Nawab Bano (18 February 1933 – 25 March 2020), better known by her stage name Nimmi, was an Indian screen actress who achieved stardom in the 1950s and early 1960s in Hindi films. She was one of the leading actresses of the "golden era" of Hindi cinema.

She gained popularity by playing spirited village belle characters, but has appeared in diverse genres such as fantasy and social films. Her best performances are considered to be in the films Sazaa (1951), India's first technicolor film Aan (1952), 
Uran Khatola (1955), Bhai-Bhai (1956), Kundan (1955), Mere Mehboob (1963), Pooja Ke Phool (1964), Akashdeep (1965), and Basant Bahar (1956).
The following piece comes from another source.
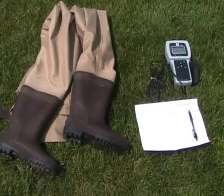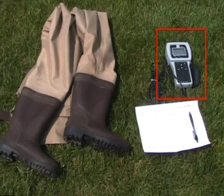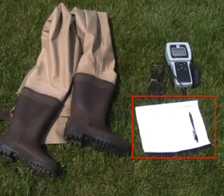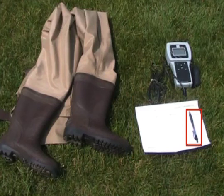To measure the level of dissolved oxygen in the stream, you will need your YSI model 550A dissolved oxygen meter, waders or shoes that can get wet, a monitoring data sheet, and a pen or pencil.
Raj Kapoor changed her name from Nawab Bano to "Nimmi".

Early life
Nawab Bano was born in Agra to a Muslim family. Her mother was a singer and an actress, known as Wahidan. She was well connected within the film industry. Nimmi's father, Abdul Hakim, worked as a military contractor. Nimmi's birth forename of "Nawab" was given by her grandfather while her grandmother added "Bano". As a young child, Nimmi had memories of visiting Bombay, and her mother being on good terms with Mehboob Khan and his family, who were prominent and influential within the movie-making business.

When Nimmi was only eleven years old, her mother suddenly died. Her father lived in Meerut where he worked and had another family; by this time, his contact with Nimmi's mother was minimal. Nimmi was therefore sent to live in Abbottabad near Rawalpindi with her maternal grandmother. The partition of India happened in 1947, and Abbotabad went to Pakistan. Nimmi's grandmother moved to Mumbai (then known as Bombay) and settled in the household of her other daughter, known by the name Jyoti. Herself a former actress, Jyoti was married to G. M. Durrani, a popular Indian playback singer, actor, and music director.

Career
In 1948, via the connection with her mother Wahidan who had worked with him in the 1930s, the famous filmmaker Mehboob Khan, invited the young Nimmi to watch the making of his current production Andaz at Central Studios. She had shown an interest in movies and this was an opportunity to understand the film making process. On the sets of Andaz, Nimmi met Raj Kapoor, who was starring in the film.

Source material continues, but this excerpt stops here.